**MATERIAL PROVIDED**
-------------------------
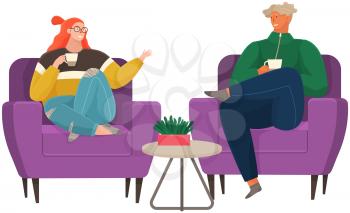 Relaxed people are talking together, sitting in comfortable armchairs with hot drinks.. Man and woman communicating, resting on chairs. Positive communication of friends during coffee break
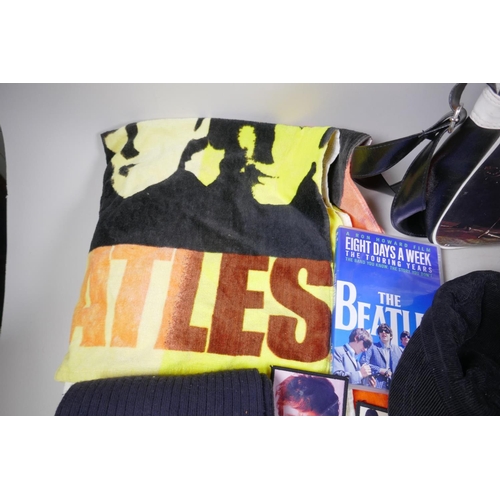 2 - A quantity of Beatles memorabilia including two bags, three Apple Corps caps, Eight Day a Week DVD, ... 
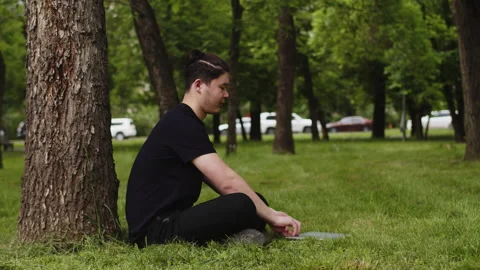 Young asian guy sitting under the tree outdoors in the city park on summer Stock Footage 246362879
-------------------------
**TASK DESCRIPTION**
Before copying the data, remove the pictures. Then repeat the rest exactly.

**YOUR RESPONSE**
 Relaxed people are talking together, sitting in comfortable armchairs with hot drinks.. Man and woman communicating, resting on chairs. Positive communication of friends during coffee break
 2 - A quantity of Beatles memorabilia including two bags, three Apple Corps caps, Eight Day a Week DVD, ... 
 Young asian guy sitting under the tree outdoors in the city park on summer Stock Footage 246362879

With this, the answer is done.